What you are asked to do
Your copy begins at the line with "Qc HOMESTAY JINTAN- Bukan" and runs through the end of the data below. Set down only those lines exactly, without pictures.

□ □ □ □ □ □ □

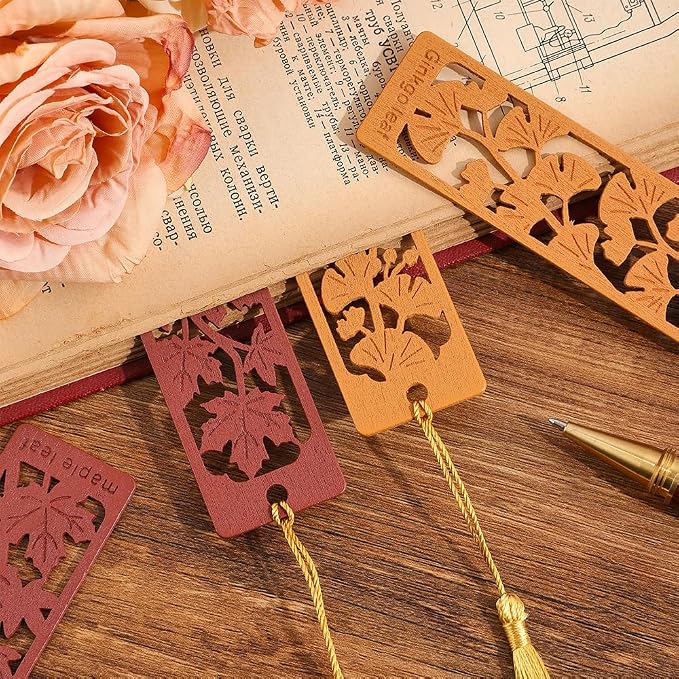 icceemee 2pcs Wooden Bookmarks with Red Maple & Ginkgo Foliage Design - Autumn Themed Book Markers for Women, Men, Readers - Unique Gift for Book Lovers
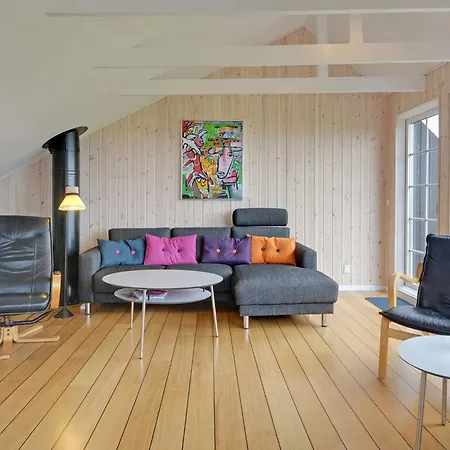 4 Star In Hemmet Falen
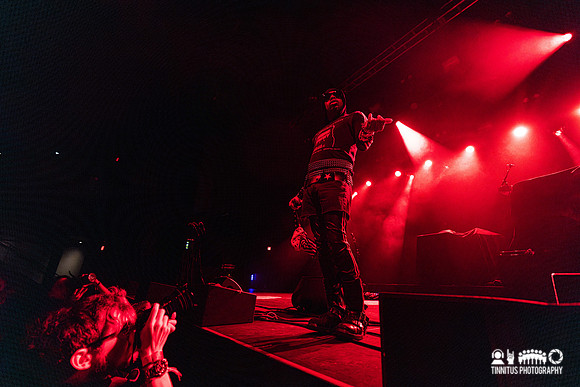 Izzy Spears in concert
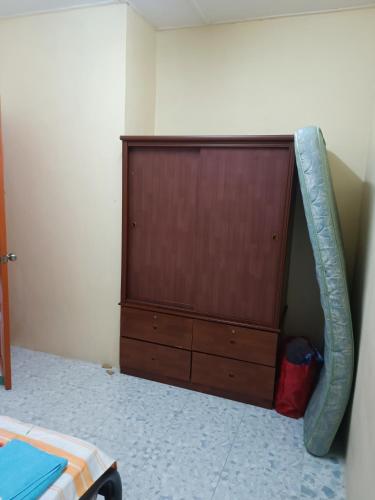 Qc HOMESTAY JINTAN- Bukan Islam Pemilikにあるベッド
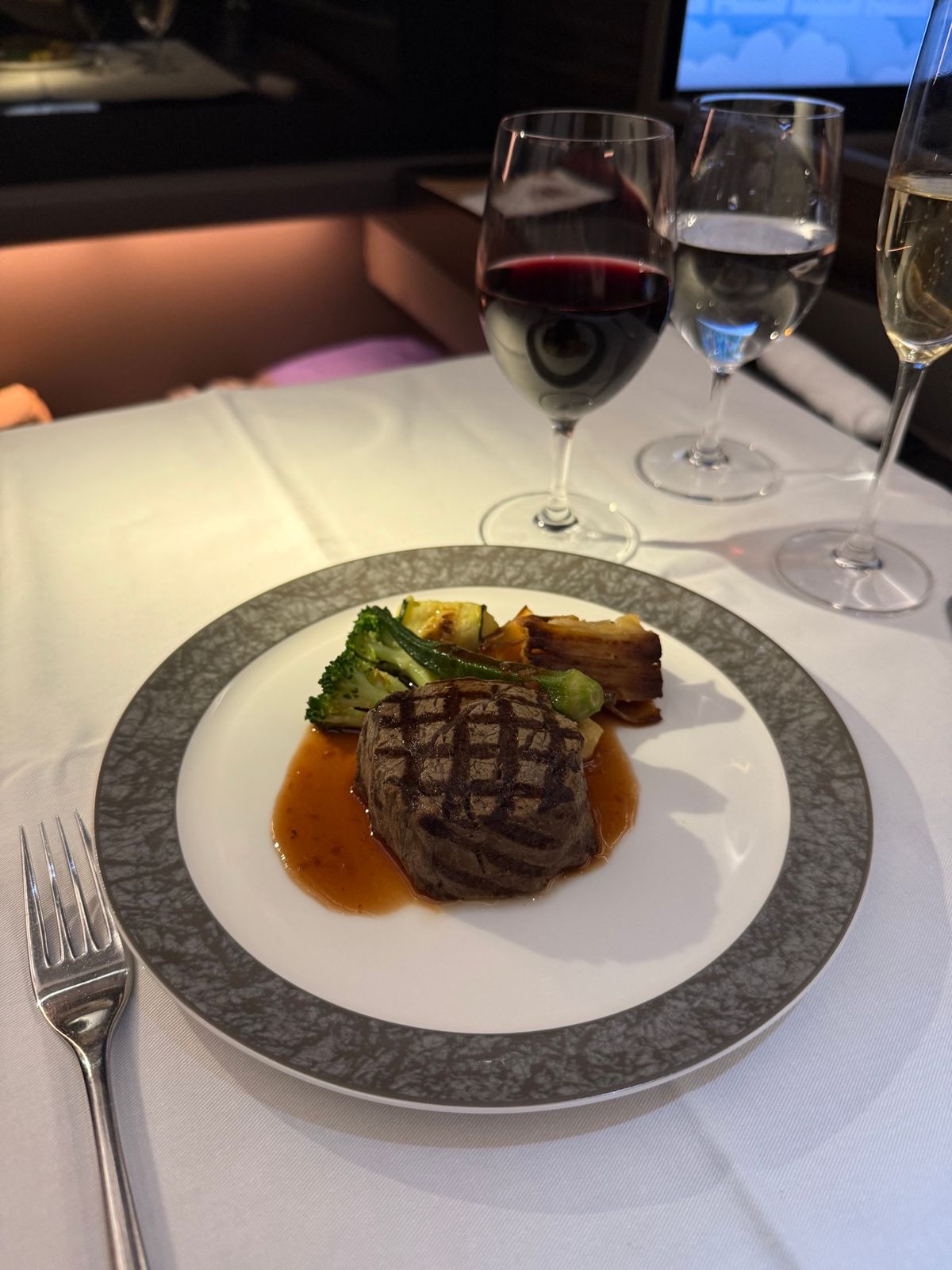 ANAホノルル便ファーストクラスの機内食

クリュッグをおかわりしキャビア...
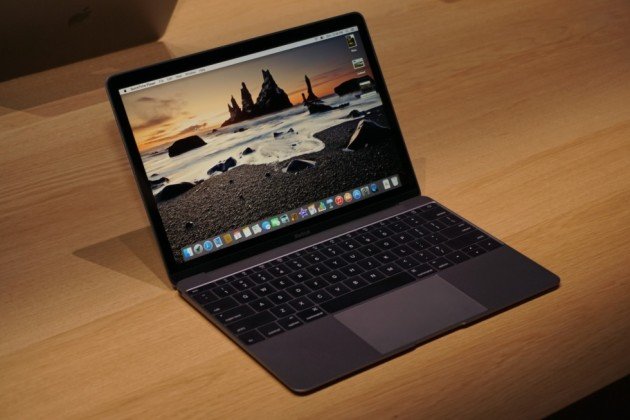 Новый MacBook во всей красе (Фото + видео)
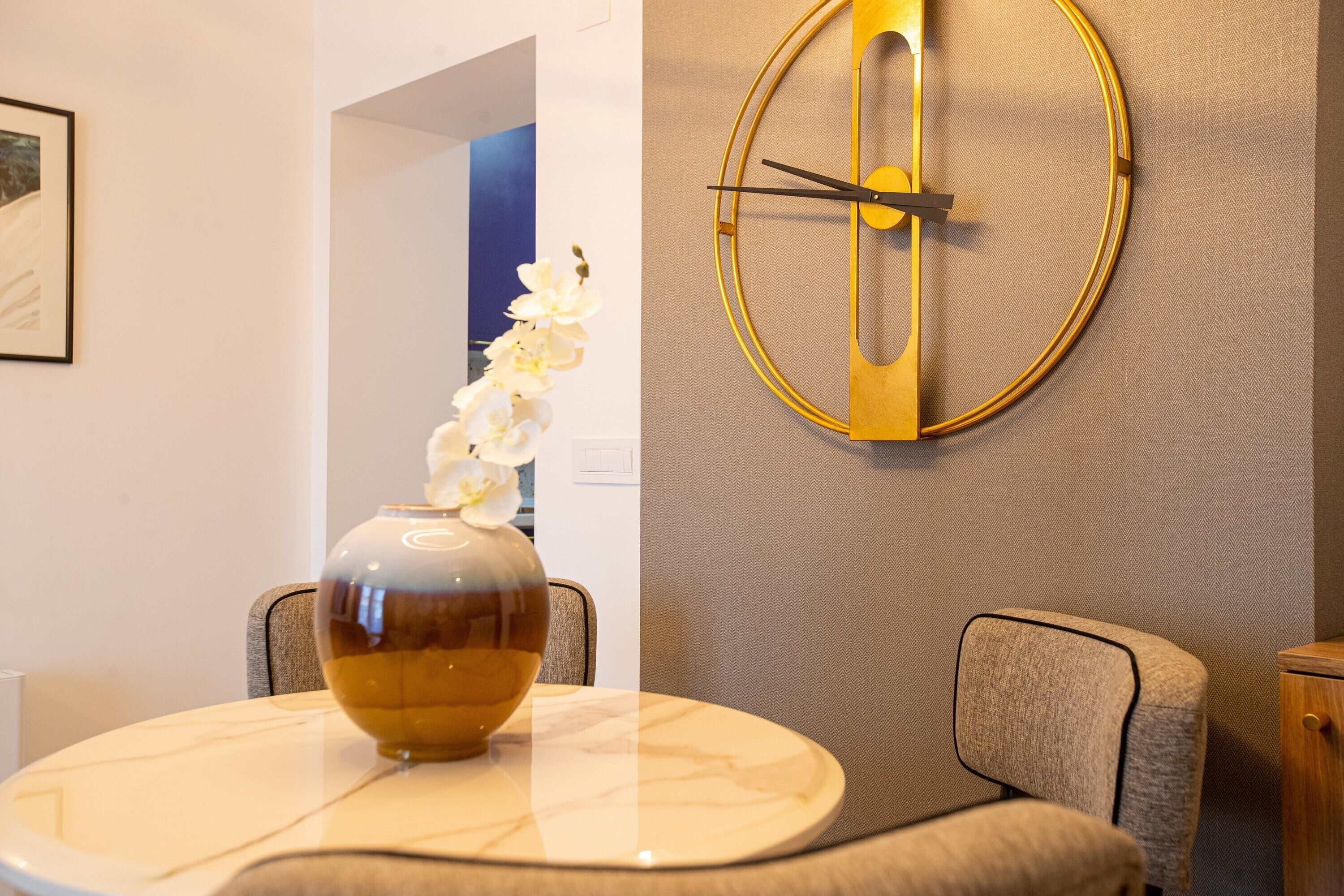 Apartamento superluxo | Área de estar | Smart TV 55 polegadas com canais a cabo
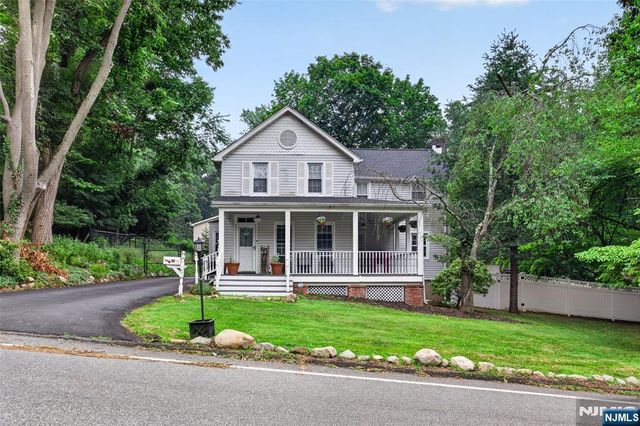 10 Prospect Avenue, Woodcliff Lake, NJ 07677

□ □ □ □ □ □ □

Solution for this problem
 Qc HOMESTAY JINTAN- Bukan Islam Pemilikにあるベッド
 ANAホノルル便ファーストクラスの機内食

クリュッグをおかわりしキャビア...
 Новый MacBook во всей красе (Фото + видео)
 Apartamento superluxo | Área de estar | Smart TV 55 polegadas com canais a cabo
 10 Prospect Avenue, Woodcliff Lake, NJ 07677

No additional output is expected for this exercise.